Second, there is no reference in the Book to the blessing of friendship. Needless to say, there are many kinds of friendship and not all of them are of equal value. Maimonides a greater philosopher than King Solomon distinguished between three types of friendship. (See Avot 5:15)
There are people who seek the friendship of others in order to exploit them. This goal is not an ethical one and is hardly recommended. We ought to never exploit one created in the divine image. Then there are people who seek the friendship of others in order to dispel loneliness and enjoy the companionship of fellowmen. This goal is a worthy one but hardly the sublimest of all possible impulses. It is not unethical for it does not really involve the exploitation of others. One rather seeks in it sharing the sharing of life s experiences and perhaps even the sharing of worldly goods. But the highest type of friendship is the friendship that two or more persons enjoy because in their togetherness they want to achieve the loftiest values of the human heart sharing not only the facts and things of their lives but the aspirations that motivate them, the dreams that they dream and the deeds they perform as one to fulfill the dreams.

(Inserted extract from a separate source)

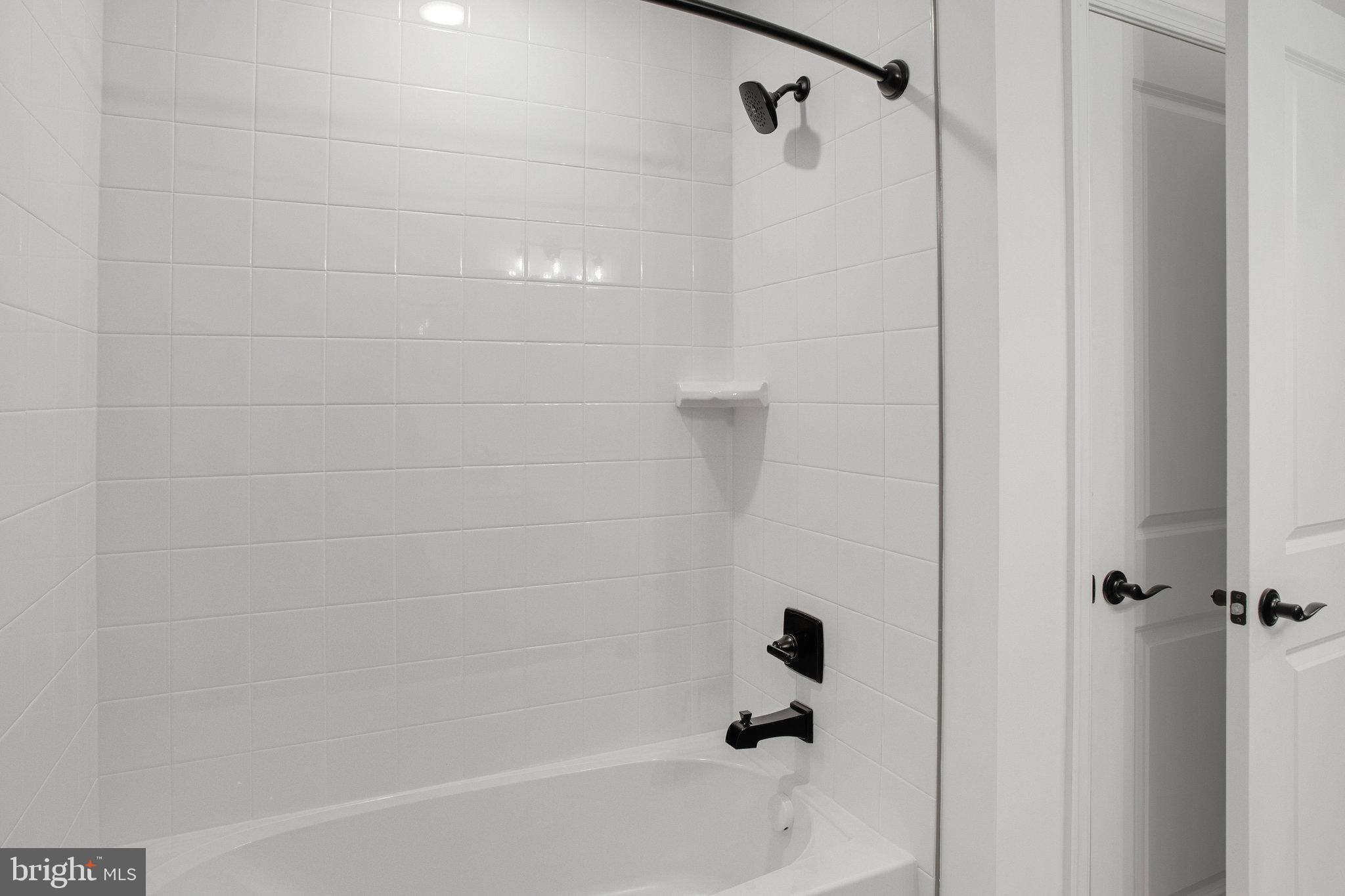 2005 Divot Drive Culpeper, VA 22701 - Photo 28 of 46 a bathroom with a bathtub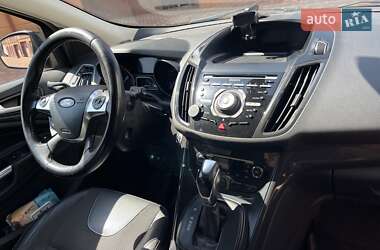 Внедорожник / Кроссовер Ford Kuga 2013 в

There is not the remotest suggestion of this yearning or blessing in the Book of Ecclesiastes. Thus, without the love of family or friends, how could King Solomon have achieved happiness? It is no wonder that he wrote as he did.

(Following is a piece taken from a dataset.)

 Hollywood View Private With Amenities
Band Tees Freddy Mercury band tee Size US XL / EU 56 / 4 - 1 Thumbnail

Yet, the greatest of all sources of happiness is the ability to bring happiness to others. Nothing ought to make a person as happy as his making others happy. This is other-directed happiness rather than self-centered happiness and one can never feel satiated with it. That is what the Torah orders in connection with all the major holidays. Enjoy them! How? Bring happiness to the widow and the orphan to the expropriated Levite and the poor. And King Solomon, with all of his wealth, did not know this use of wealth. And he probably did not try it. Otherwise, he would have referred to it. He discusses all that he did and all that he tried. But this very simple answer to his search is that he did not try.

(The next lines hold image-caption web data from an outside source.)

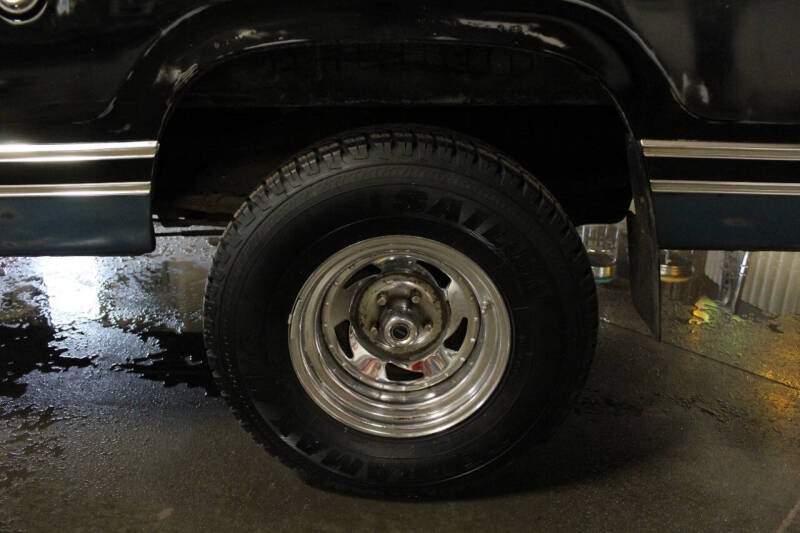 1977 Dodge D150 Pickup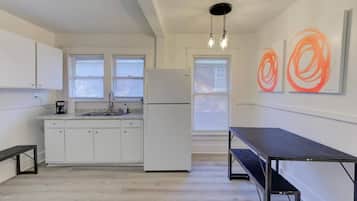 KylskÄp, mikrovÄgsugn, ugn och spishÀll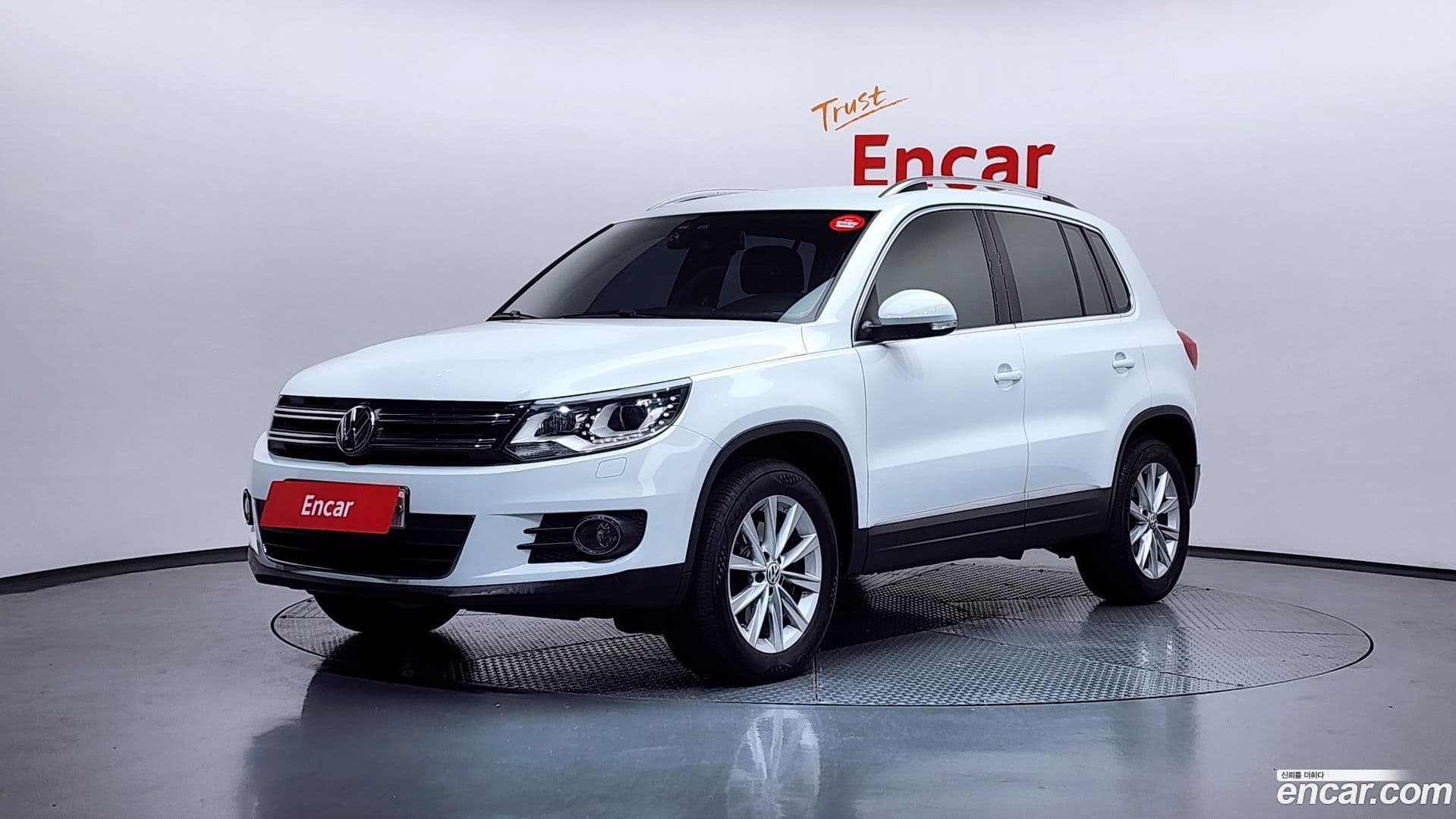 Main__Slider__Photo:Tiguan Volkswagen 2015.6-0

That is why for me the book is a classic, made holy, because it is a documentary as to how one can best achieve the state of misery, depression, disillusion, pessimism. And if one wants to avoid such despair then one ought to abandon self-centeredness and focus on the happiness of others rather than one’s own. It may not be easy to achieve such a goal in the fullest measure but it is certainly worth the try.
Saints did not achieve happiness this way. Whether in the love of God or the love of human beings they transcended their love of themselves and instead of maintaining a pessimistic view of life theirs was an optimistic one. “God’s law was perfect and refresh the soul.”